During discovery, the veterinarian searched for e-mails responsive to CPI’s requests for production in his e-mail archive but could not locate at least 100 e-mail folders. He asked CPI’s IT department to help find the missing e-mails. CPI’s IT representative offered to assist, but the veterinarian added that he needed the e-mails for a “legal matter.” The IT representative forwarded his request to CPI’s legal team. The legal team refused to help, advising that CPI “was not responsible for locating documents responsive to its own discovery requests.” Ultimately, the veterinarian was able to access “some” of his missing folders but some remained inaccessible.
The plaintiffs blamed the lost e-mail on CPI’s update of its e-mail system in February 2014, which included the creation of an archiving system that automatically transferred e-mails in a user’s inbox to an archive if they were at least six months old. The plaintiffs’ “expert,” a forensic computer analyst, claimed CPI remotely accessed the veterinarian’s computer and deleted his e-mails; however, he relied only on circumstantial evidence and the timing of the update to the e-mail system and the date when the veterinarian noticed the e-mails were missing. The plaintiffs also suggested CPI should be liable because it did not help locate the archived e-mails and imposed a “litigation hold” on the veterinarian’s e-mail account.

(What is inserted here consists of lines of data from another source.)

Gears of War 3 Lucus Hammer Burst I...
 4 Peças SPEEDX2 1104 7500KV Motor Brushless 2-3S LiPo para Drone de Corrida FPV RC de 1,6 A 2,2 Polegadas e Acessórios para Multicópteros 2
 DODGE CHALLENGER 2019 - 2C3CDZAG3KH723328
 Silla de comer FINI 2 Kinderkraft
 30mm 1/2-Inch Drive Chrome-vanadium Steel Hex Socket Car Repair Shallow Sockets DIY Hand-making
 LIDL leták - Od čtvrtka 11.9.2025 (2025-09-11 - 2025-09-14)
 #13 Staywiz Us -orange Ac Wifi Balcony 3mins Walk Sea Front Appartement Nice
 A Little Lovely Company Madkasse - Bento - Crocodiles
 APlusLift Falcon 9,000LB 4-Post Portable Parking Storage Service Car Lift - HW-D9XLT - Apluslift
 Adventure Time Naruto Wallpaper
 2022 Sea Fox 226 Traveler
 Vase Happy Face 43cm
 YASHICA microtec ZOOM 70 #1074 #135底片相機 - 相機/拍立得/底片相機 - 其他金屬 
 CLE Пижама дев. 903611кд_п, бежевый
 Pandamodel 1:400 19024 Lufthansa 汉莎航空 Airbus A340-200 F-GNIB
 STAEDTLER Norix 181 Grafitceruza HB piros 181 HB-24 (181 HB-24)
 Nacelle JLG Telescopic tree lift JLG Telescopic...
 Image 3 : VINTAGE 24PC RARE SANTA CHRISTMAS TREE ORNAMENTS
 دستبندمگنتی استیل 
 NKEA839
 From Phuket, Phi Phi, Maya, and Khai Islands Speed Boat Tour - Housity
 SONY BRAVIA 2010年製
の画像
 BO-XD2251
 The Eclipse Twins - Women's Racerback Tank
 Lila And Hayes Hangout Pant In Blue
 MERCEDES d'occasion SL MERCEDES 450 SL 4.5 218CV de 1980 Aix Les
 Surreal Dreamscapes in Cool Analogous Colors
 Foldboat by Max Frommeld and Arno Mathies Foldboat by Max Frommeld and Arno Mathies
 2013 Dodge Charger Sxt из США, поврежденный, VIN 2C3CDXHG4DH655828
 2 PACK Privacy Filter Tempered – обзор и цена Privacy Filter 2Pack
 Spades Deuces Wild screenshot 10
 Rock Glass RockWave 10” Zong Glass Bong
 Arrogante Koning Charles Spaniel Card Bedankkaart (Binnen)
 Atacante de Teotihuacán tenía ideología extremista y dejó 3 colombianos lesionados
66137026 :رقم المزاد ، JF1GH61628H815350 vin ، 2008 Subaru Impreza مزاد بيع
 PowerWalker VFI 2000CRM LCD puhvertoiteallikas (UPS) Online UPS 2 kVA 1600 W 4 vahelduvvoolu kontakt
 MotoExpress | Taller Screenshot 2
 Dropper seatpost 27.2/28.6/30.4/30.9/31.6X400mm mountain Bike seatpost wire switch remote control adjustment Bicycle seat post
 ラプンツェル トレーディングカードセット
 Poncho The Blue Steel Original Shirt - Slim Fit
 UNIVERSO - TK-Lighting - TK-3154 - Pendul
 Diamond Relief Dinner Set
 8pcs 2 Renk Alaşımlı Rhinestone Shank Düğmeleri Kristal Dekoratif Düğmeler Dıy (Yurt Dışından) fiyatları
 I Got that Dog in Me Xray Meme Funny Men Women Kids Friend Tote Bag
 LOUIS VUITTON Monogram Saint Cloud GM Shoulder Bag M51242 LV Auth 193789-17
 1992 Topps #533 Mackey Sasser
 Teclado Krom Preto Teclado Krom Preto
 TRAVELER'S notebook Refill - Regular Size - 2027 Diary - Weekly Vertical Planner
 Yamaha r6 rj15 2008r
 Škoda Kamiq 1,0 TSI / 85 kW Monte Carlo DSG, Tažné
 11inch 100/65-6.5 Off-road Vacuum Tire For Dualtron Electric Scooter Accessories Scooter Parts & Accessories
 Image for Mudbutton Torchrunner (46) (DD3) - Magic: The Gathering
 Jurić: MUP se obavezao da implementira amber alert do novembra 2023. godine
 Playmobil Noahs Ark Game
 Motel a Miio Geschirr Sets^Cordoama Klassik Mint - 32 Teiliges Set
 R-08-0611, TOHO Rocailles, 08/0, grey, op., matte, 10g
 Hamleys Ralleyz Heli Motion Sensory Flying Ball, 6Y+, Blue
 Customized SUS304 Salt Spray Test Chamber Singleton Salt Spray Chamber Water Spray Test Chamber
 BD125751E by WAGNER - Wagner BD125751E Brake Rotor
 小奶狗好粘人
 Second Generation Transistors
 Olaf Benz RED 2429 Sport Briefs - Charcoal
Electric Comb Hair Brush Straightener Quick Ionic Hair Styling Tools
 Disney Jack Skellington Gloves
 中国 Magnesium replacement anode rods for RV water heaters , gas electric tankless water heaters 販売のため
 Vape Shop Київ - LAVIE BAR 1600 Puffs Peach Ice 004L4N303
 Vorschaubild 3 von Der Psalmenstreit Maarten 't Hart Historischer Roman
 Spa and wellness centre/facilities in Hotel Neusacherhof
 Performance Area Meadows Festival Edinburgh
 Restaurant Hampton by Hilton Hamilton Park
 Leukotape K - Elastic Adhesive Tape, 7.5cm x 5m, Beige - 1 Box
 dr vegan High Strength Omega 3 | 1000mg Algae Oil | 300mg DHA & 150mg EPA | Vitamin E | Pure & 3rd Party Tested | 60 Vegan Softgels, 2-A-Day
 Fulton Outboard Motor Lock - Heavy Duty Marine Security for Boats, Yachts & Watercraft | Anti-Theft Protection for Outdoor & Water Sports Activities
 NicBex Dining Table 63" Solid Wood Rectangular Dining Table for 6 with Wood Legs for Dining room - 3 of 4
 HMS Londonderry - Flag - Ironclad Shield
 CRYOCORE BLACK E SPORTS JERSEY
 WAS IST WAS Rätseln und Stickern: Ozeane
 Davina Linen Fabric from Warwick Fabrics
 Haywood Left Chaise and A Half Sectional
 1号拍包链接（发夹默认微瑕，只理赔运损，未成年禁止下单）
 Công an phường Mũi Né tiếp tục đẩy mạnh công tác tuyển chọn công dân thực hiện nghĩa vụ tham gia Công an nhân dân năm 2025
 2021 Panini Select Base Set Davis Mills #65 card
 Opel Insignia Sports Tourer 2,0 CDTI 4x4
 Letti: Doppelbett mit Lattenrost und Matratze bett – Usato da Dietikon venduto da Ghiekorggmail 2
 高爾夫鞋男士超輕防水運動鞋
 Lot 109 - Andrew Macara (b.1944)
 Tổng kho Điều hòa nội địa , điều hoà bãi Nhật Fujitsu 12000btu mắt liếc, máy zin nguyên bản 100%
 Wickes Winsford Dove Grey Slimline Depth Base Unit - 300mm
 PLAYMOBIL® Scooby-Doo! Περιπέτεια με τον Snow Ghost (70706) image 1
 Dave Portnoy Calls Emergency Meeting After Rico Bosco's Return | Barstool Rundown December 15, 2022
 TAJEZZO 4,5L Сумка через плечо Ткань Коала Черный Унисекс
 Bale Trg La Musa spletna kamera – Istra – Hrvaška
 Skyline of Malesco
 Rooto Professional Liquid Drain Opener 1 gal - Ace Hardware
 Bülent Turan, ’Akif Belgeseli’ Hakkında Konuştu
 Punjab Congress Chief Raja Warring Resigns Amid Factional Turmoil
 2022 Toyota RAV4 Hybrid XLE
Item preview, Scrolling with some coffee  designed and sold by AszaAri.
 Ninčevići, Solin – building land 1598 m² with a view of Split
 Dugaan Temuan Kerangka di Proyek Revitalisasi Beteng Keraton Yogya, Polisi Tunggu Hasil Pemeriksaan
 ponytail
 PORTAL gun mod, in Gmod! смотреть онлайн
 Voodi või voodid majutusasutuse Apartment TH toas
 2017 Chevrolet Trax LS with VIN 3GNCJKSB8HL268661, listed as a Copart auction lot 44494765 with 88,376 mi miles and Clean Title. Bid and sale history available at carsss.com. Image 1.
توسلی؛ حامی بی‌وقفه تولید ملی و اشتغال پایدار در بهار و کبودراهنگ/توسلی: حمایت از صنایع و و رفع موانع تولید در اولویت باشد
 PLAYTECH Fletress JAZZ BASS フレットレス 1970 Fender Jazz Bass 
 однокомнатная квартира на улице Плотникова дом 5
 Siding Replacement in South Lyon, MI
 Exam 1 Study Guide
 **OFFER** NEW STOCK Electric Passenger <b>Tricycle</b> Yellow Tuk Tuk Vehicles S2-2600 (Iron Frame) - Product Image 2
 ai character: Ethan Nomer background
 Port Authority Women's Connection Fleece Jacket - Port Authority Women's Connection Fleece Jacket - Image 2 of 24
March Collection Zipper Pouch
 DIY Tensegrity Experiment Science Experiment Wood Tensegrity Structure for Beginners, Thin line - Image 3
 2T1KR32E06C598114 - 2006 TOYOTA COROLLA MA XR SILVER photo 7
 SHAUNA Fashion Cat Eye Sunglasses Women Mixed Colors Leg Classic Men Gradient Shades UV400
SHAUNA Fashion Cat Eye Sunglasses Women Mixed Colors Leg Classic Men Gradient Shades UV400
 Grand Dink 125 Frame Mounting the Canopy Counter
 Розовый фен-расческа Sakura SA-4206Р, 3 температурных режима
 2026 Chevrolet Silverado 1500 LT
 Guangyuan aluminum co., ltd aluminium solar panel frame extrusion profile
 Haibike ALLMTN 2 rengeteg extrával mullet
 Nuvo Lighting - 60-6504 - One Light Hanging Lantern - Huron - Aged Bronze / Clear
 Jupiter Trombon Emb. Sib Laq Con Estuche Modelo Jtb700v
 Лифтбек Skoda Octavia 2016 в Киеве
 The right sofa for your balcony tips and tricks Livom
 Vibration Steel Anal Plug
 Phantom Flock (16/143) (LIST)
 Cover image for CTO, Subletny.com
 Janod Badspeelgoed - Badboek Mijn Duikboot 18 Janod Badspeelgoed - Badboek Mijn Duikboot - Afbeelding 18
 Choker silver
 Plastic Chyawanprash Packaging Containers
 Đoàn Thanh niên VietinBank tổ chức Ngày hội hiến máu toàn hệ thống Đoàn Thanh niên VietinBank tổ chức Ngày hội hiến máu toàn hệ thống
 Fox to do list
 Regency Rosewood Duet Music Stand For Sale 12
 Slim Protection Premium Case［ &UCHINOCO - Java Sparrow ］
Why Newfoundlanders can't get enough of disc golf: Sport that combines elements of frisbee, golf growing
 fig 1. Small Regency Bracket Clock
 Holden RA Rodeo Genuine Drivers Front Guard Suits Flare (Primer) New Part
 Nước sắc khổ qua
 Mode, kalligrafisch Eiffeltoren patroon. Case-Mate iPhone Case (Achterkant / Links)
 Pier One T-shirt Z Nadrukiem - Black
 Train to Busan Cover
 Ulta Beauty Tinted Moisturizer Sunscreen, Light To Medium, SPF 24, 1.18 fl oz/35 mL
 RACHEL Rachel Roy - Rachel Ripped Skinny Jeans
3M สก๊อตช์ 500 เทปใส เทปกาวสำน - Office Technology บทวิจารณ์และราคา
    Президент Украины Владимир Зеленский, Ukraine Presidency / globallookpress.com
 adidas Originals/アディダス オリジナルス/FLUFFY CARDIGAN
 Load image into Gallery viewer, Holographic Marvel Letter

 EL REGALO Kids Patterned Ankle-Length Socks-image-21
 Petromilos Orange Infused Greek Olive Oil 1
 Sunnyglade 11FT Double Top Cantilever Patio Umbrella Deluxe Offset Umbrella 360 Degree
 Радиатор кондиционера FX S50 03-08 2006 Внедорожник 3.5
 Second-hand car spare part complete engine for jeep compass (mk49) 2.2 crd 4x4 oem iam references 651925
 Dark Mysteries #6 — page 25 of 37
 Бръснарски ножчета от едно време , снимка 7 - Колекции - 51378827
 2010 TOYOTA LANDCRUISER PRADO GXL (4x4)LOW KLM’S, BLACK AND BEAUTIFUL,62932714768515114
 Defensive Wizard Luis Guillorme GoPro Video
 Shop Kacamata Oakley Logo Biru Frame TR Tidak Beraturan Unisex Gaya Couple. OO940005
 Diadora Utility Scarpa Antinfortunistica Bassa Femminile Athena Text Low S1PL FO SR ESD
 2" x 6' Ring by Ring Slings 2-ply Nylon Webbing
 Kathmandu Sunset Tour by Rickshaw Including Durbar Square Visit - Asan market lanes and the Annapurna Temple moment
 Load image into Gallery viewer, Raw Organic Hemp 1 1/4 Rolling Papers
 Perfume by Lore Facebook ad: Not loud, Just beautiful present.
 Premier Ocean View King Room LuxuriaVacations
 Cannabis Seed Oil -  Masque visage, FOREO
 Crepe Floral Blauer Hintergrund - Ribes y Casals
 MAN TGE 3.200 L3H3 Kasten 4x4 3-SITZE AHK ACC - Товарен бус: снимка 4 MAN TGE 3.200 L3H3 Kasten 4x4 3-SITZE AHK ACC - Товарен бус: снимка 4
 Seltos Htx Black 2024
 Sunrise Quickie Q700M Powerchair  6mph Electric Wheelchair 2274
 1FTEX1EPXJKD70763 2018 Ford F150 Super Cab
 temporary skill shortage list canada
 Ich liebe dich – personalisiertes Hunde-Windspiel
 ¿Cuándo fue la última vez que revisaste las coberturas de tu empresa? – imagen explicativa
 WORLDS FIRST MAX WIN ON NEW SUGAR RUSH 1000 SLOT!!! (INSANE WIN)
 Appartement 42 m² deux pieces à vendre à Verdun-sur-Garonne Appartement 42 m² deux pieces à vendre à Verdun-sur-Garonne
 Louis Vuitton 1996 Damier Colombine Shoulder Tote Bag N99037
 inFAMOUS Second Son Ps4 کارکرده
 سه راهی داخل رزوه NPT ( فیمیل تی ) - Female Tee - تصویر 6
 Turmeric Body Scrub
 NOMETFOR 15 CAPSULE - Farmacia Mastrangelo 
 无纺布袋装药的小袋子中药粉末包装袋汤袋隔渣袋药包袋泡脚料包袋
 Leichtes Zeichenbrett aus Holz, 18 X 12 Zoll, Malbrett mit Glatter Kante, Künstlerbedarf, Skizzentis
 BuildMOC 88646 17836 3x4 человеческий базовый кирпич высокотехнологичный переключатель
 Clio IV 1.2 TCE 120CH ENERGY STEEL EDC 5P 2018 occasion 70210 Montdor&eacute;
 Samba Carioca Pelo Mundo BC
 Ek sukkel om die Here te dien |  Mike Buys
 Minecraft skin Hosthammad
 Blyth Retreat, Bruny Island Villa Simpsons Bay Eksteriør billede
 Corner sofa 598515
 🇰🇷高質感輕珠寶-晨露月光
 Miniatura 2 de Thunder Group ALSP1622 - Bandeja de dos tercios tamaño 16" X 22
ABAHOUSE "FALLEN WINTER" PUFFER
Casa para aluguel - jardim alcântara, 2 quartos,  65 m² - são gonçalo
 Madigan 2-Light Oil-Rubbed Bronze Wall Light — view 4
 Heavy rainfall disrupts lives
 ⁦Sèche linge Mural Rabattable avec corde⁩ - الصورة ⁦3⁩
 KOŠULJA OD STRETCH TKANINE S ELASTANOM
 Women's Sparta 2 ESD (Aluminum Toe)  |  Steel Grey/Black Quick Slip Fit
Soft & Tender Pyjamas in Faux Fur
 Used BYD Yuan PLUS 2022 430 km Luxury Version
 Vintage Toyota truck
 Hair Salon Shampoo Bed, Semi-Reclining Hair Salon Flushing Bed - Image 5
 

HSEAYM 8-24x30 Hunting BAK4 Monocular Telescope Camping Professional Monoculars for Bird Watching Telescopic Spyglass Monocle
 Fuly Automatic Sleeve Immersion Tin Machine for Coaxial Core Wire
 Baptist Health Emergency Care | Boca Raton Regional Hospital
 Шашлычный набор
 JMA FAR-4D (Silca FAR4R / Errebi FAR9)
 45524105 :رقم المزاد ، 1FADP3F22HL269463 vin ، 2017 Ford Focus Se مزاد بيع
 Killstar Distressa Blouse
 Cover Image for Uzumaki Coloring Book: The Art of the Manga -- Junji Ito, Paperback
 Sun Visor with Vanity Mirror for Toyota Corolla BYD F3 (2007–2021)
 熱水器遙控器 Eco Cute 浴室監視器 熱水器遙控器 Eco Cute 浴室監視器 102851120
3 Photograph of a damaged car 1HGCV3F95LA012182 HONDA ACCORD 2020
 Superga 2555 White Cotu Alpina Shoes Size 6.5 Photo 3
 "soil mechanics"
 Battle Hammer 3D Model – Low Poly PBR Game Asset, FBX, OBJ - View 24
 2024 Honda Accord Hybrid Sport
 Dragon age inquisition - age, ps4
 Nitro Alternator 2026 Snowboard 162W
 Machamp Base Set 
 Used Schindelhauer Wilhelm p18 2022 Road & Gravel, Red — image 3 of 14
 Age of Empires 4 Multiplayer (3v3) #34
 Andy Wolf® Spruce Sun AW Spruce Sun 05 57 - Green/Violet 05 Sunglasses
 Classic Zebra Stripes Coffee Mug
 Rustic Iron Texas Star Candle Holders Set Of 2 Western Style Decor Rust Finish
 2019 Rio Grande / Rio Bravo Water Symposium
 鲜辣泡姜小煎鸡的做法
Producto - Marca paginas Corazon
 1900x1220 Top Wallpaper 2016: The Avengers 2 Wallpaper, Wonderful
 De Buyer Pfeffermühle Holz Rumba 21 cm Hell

The judge found the plaintiffs did not meet their burden of proof. He discredited the plaintiff’s expert, who failed to offer any direct evidence of knowing wrongdoing by CPI. First, the expert did not disclose that he was not logged into the CPI servers where the archived e-mails were stored during his forensic analysis; therefore, he would not have been able to access the archived messages. The plaintiffs also could not contradict an activity log that showed that the CPI IT team had not remotely accessed the veterinarian’s computer since well before the veterinarian announced he was having difficulty finding the archived e-mails. Therefore, he found CPI’s explanation for the missing e-mail—that the veterinarian had mistakenly “‘dragged and dropped’” the messages into the wrong folder—more persuasive than the plaintiffs’ theory.
Further, the court took issue with the plaintiffs’ failure to inform the court of the spoliation despite multiple discovery conferences, other motions, and e-mail communications with the court and their failure to file a motion to compel before submitting the motion for sanctions. He also agreed that CPI had no duty to help the plaintiffs respond to its discovery requests, particularly because CPI was “not responsible for deleting or making unavailable” the missing e-mails. Even so, CPI did make a “good-faith effort” to find the archived messages.
Finally, the court disagreed with the plaintiffs’ view of CPI’s “litigation hold.” The plaintiffs suggested that CPI’s legal hold was “‘worse than spoliation’ because unlike evidence unlawfully destroyed by a party, evidence placed in a litigation hold is still available to the party implementing the litigation hold.” Citing the parties’ duty to preserve, the court noted that the legal hold was a computer program designed to store copies of e-mails on the server after users deleted them from their mailbox. The plaintiffs offered “nothing but conjecture to show that the litigation hold’s purpose was to withhold relevant evidence from Plaintiffs.”
It is not clear why the plaintiffs argued that the legal hold was a measure to restrict their access to data. Their misapprehension of the seriousness of the preservation duty and the purpose of the legal hold underscored the lax approach they took to their spoliation argument, including their failures to raise the issue of the missing evidence with the court for nine months, to file a motion to compel before seeking sanctions, or to fully investigate the facts.